Monday, January 23, 2006

Adventures in Knitting

I'll be the first to admit it. I spend way too much time watching TV. It's a bad habit I picked up when I worked in the film industry and realized that I could write off the cost of Direct TV on my taxes because it counted as "research and development".

I kind of miss being able to deduct reruns of "Married with Children". I learned so much about lighting from watching the way Al Bundy's bald spot was carefully back-lit from every angle. It brought so much confidence to my work realizing that if you could shoot the back of someone's shoulder from an interesting enough angle, any actor could play the menacing killer in a televised re-creation of a crime.

Now I need something else to justify countless hours spent staring at HBO re-runs, so I thought I would try and take up knitting. After all, there's only about 50 books on knitting and crocheting on the New Non-Fiction rack when I go to the town library, so at least if I needed to learn from a book it would be easy. I'm not even going to address the whole "Celebrities who knit" phenomenon. Suffice to say that the last time I cared what Kristen Dunst does while she's waiting on set was on "Mona Lisa Smile" when I had to wrangle cable around her. Besides, I think every woman needs to have at least one "girly" hobby to balance out all the extreme sports and other crap we tend to get suckered into. So I googled "learning to knit", printed out some pictures of the steps, and went to the craft store.

The site that I went to said that the basics to get started would be #8 knitting needles 14" in length, a small pair of scissors, worsted yarn medium weight and a yarn needle. I got to AC Moore on a really warm Saturday afternoon and found the knitting aisles jam packed with sweet little old ladies trying to locate just the right kittens and/or puppies-themed sweater pattern for their next great-grandchild. The knitting needles were clumped by brand in little islands through-out the knitting section so it took me about 15 minutes to find the pre-requisite #8, 14" needles. They looked like something Zhang Ziyi would use to fight off a horde of Mongolian bandits. Yarn needles were not in the sewing aisle. Eventually they were located in the knitting tools rack, deep in the heart of Yarn Country, being guarded by a bored 7-year-old who had apparently not been given her daily dose of Ritalin. I reached over her one woman performance of "Unicorn Princess Pony Saves the Day" and grabbed whatever said Yarn Needle in the biggest type. Now all I needed was to find some basic yarn.

This was like telling a woman to go into DSW and walk out with a pair of basic black pumps. There were 3 aisles of yarn, as well as, two floor to ceiling wall units stuffed with yarn along the wall. The only problem was that what looked like Medium yarn came in either black or day-glo reds and pinks. I wanted to knit something simple like a baby blanket and I couldn't picture swaddling the baby-to-be in black and nuclear red and day-glo pink.

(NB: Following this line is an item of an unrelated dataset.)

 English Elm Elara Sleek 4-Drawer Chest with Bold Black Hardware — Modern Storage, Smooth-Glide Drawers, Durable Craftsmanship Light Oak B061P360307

Finally I found a rainbow tie-dye yarn that said MEDIUM, WORSTED and one in a non-blinding rose. $22.10 and I was on my way home to learn how to knit.

I realized after a few minutes that who-ever had written the instructions I had printed out, had obviously never seen one of those "how to tie a knot" diagrams. There were drawings of a section of yarn in what looked like some kind of Book of Kells configuration, but no indication of which end came from where. Slip knot was easy enough to understand, but terms like "Purl" and "Casting on" were making me wish that there was some kind of "Rent-a-granny" service that one could call when faced with things like knitting and baking bread. During an episode of The Sopranos I managed to wrestle about 12 inches of yarn in some kind of configuration around my left knitting needle. I sat there looking at it thinking; "What now?"

I was under the mistaken impression that knitting was a process that had been set in stone for millenia and that there was one, inexorable way it was done. As I looked at my left needle and then back at the picture labelled "Basic Knit Stitch" I realized what the difference was. The needle in the picture had several neat rows of stitches dangling off it. My needle had one sorry-looking tangle of pink yarn secured by a shaky slip-knot. How did the extra rows come into being? Apparently, after I checked a couple of other websites, there were as many methods to "basic knitting" as there were kinds of yarn. One site would tell me to cast on one way, one site would have a slight variation, one site would be completely different. I tried a couple of different methods to transfer the cast-on stitches to the right needle to get a row going, but then remembered that our office Mummeleh is one of those people who sits on the commuter rail and makes afghans, I packed a knitting bag and hauled everything into the office to ask her. Turns out she only does Crochet, but at least she pointed me to a decent website.

Maybe this one will work. I need to do something constructive with my time while I'm watching 24 tonight.